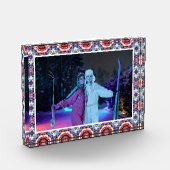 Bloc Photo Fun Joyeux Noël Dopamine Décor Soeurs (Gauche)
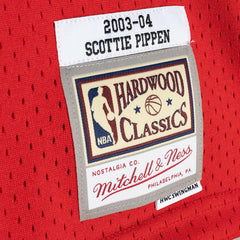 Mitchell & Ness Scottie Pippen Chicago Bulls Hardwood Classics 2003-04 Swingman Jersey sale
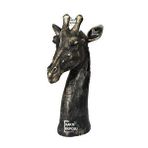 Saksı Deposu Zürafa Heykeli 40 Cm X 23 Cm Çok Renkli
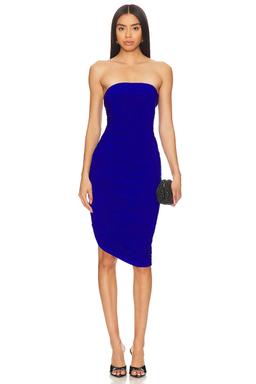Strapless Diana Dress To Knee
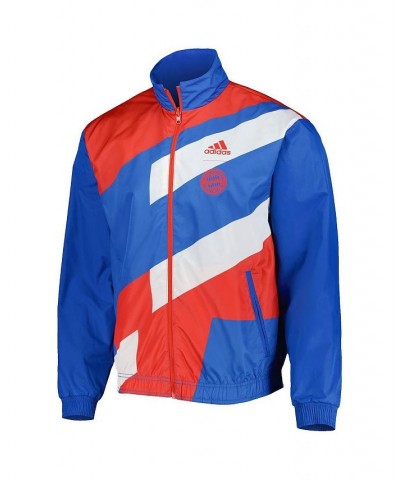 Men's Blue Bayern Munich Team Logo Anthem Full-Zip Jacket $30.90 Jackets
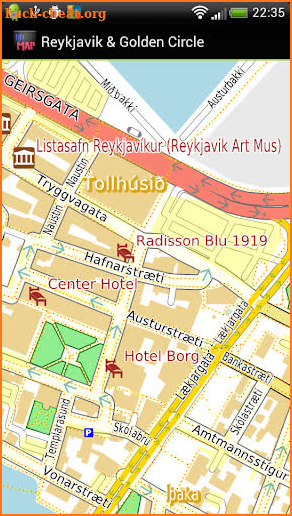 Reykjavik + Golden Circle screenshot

============================================================

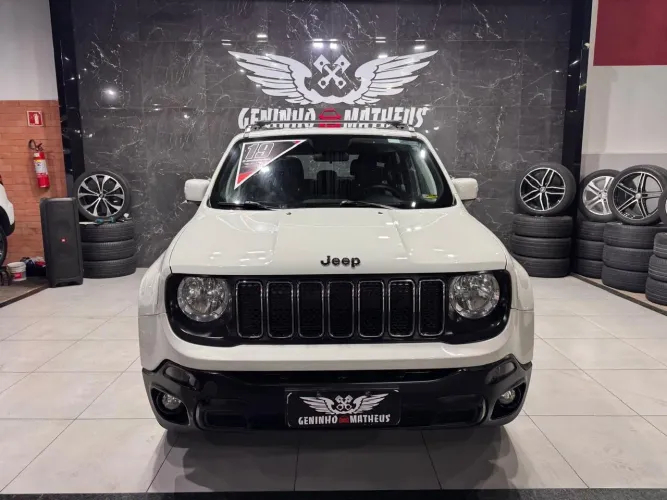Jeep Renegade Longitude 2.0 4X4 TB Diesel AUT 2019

============================================================

- What this task involves -
With the pictures left out, write out exactly the lines above from the one containing "Bloc Photo Fun" through the one containing "Reykjavik + Golden Circle screenshot".

- Exercise result -
 Bloc Photo Fun Joyeux Noël Dopamine Décor Soeurs (Gauche)
 Mitchell & Ness Scottie Pippen Chicago Bulls Hardwood Classics 2003-04 Swingman Jersey sale
 Saksı Deposu Zürafa Heykeli 40 Cm X 23 Cm Çok Renkli
Strapless Diana Dress To Knee
 Men's Blue Bayern Munich Team Logo Anthem Full-Zip Jacket $30.90 Jackets
 Reykjavik + Golden Circle screenshot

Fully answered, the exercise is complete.